Its precise definition is :
A system S is said to have decohered with respect to a possible
measurement M, if there will be no more difference on the
probabilities of any future possible measurement of S, whether or
not the wave-function of S is assumed to be now already collapsed
with respect to M. Therefore in all practical terms, the
indetermination of the state of the system has been collapsed from a
quantum indetermination to a classical one, to be represented by an
element of the (n-1)-simplex (rather than the quantum n-states
shape) whose ends have irreversibly become clearly distinguishable
by measurements, at the expense of any other direction of
measurement.
In other words, a decoherence is NOT a spontaneous collapse, but it
is the description of the circumstances where the question whether a
collapse happened or not, becomes unverifiable, so that the "already
collapsed" hypothesis becomes compatible with the predictions of
quantum theory on future measurement results (while a collapse
before decoherence would violate the predictions of quantum theory
on future measurements).
However, this property of decoherence is an emergent property that
only makes sense as a limit property of large systems instead of
elementary ones, because it depends on which future measurements can
remain possible or not in practice, and this is a fuzzy condition.

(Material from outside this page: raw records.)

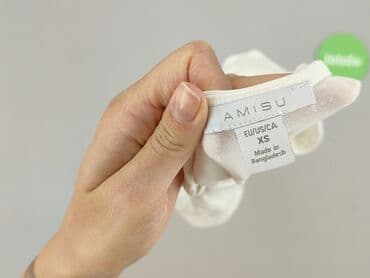 missguided playboy t shirt: Amisu, T-shirt damski, rozmiar XS — 4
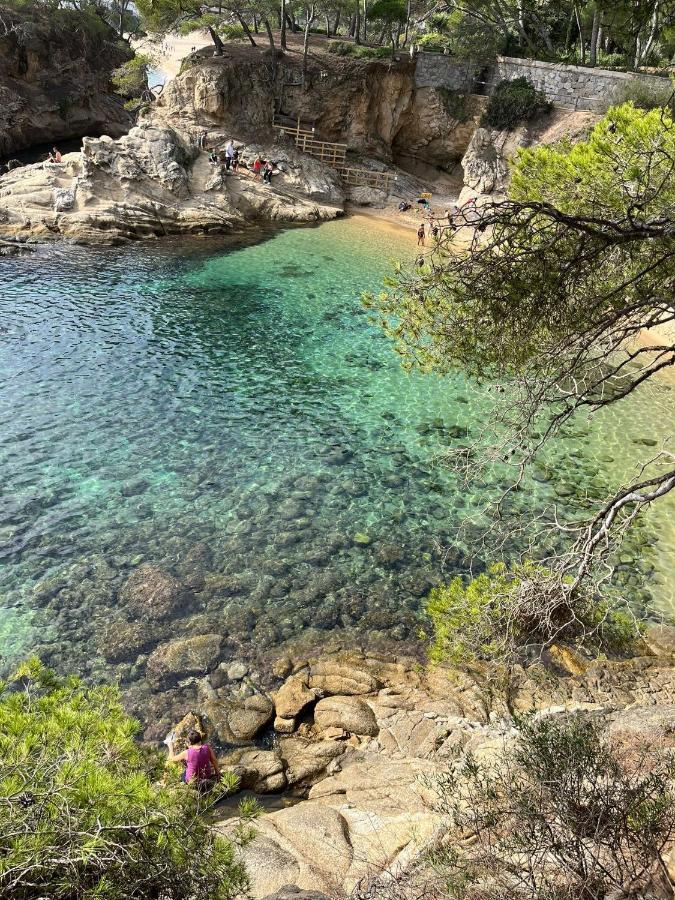 Platja Lau D Aro Lägenhet Platja d'Aro Exteriör bild
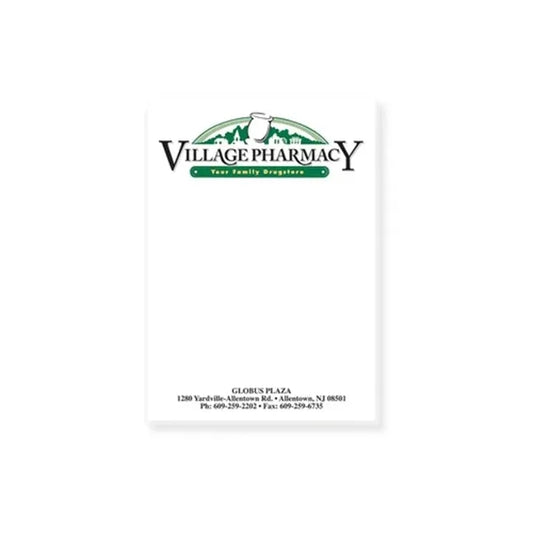 5" x 7" Custom Printed Memo Pad/50 Sheets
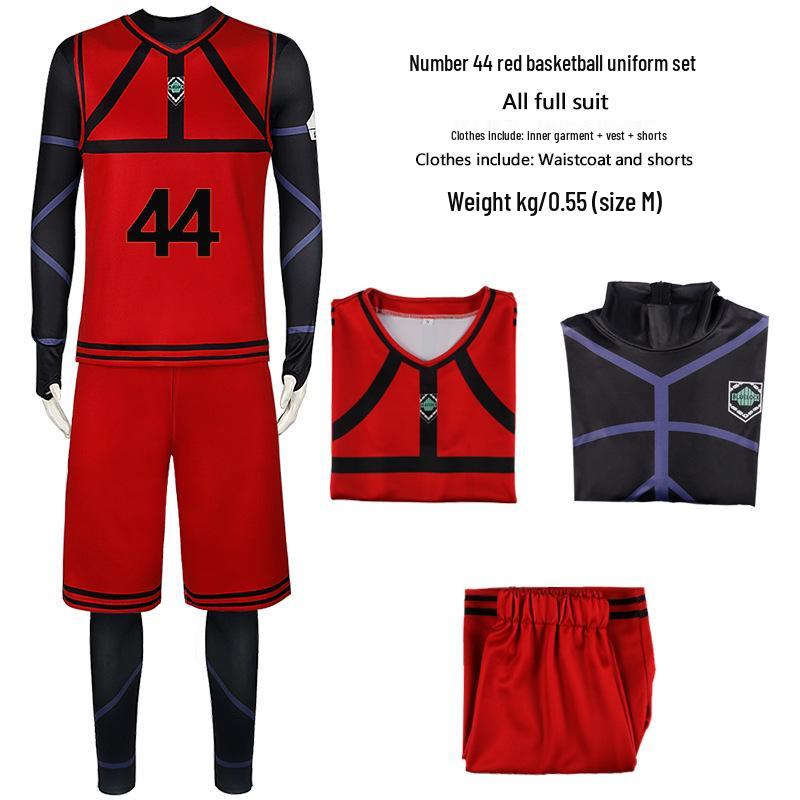 Blue Prison Costume: Nagi Cheng & Shilang Jie Anime Cosplay Set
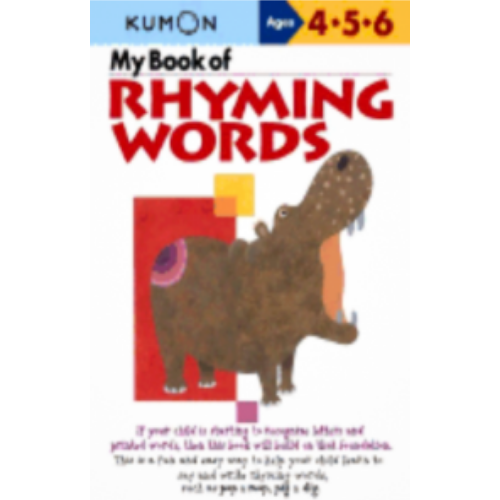 My Book of Rhyming Words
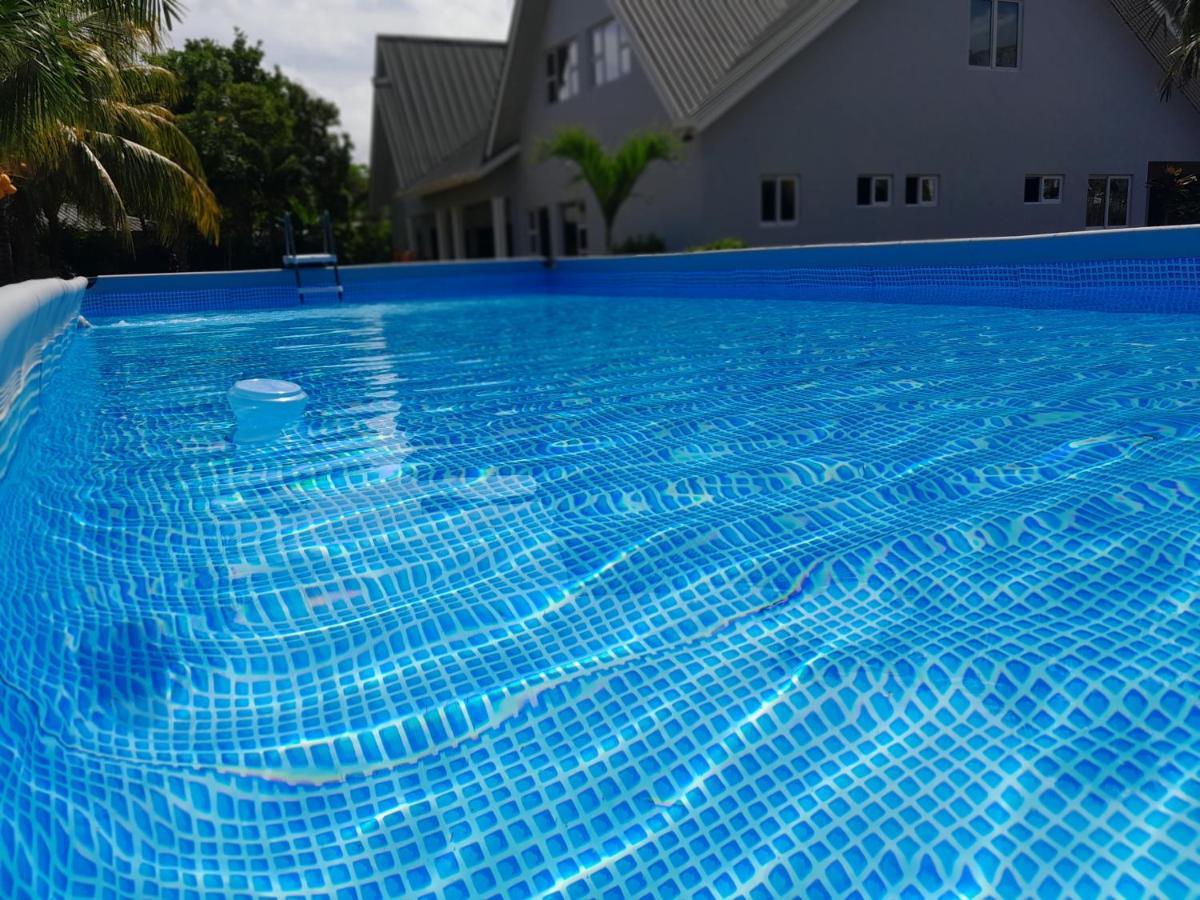 Island Charm Of Praslin Villa Victoria Bagian luar foto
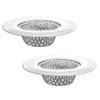 Seatery 1.25" Small Drain Strainer, Sink Drain Hair Catcher, Bathroom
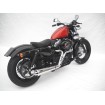 Κωνικό πλήρες σύστημα εξάτμισης HD-SPORTSTER 2in1 POLISHED ZARD ZHD528S00SAO-P thumb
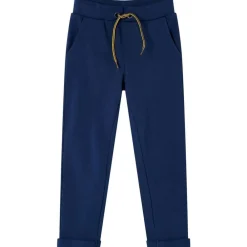 Kinderbroek met trekkoord 92 marineblauw>vidaXL Outlet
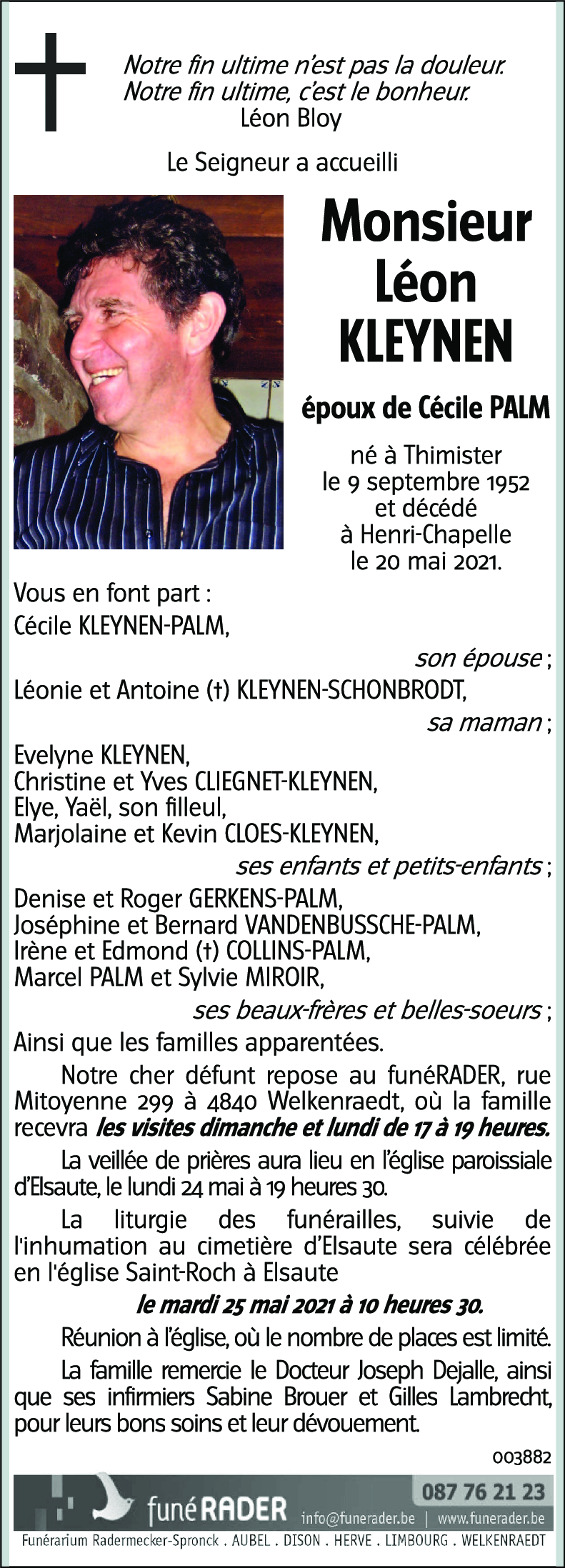 Léon KLEYNEN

It is not exactly an internal change, but an external irreversible
loss of future opportunities to make measurements capable of
deducing the past characters of the system expressed by components
of the wave-function that an hypothetical present collapse would
destroy.
In practice, decoherence happens as soon as (but not only if) a
measurement has been "physically processed", in the sense that we
have a macroscopic delivery of the measured result, that is, when
the information of the result is "out of the box" with many copies
of this information escaping in the environment, for example by
radiation or gravitation, so that it cannot be anymore securely
hidden by any further operation.
Let us now explain how the laws of quantum physics
allow measurements to be proceeded, finally reducing quantum
states into classical probabilistic states at a macroscopic level.
The interaction of a 2-states system we want to observe
with a measurement apparatus, will end up to produce correlated
states of the system with the apparatus.
We described above the sphere of correlated states between (↑,↓
) and (↓,↑).
By just rotating one spin, we get a similar sphere of
correlated states between (↓,↓ ) and (↑,↑), (and similarly to
adapt to the chosen direction of measurement).
Assuming that the measurement apparatus was initially in a known
pure state, the sphere of initial states of the system, will evolve
into such a sphere of correlations, with ↓ evolving into (↓,↓ ), and
↑ into (↑,↑) (where one component represents the state of the
measurement apparatus, and the other represents the state of the
system after measurement).
This would operate the complete observation of the system that would
collapse it into the perceived state... if we could observe the
state of the measurement apparatus.
So, how to do it ? The advantage of the measurement apparatus, will
be that it will let its state appear macroscopically, which means
that it will will make many copies of its state in the same
way. Such copies are faithful for copying the wanted
classical bit of information: whatever the state we can have in
the sphere of states between (↓,↓ ) and (↑,↑), if ever the first
component is measured in the intended direction (↑ or ↓), then
the possible result ↑ for one copy will collapse the other copy to ↑
too, while the other possible result ↓ on one copy will
collapse the other copy to ↓ too. And their respective
probabilities properly reflect the wanted observation.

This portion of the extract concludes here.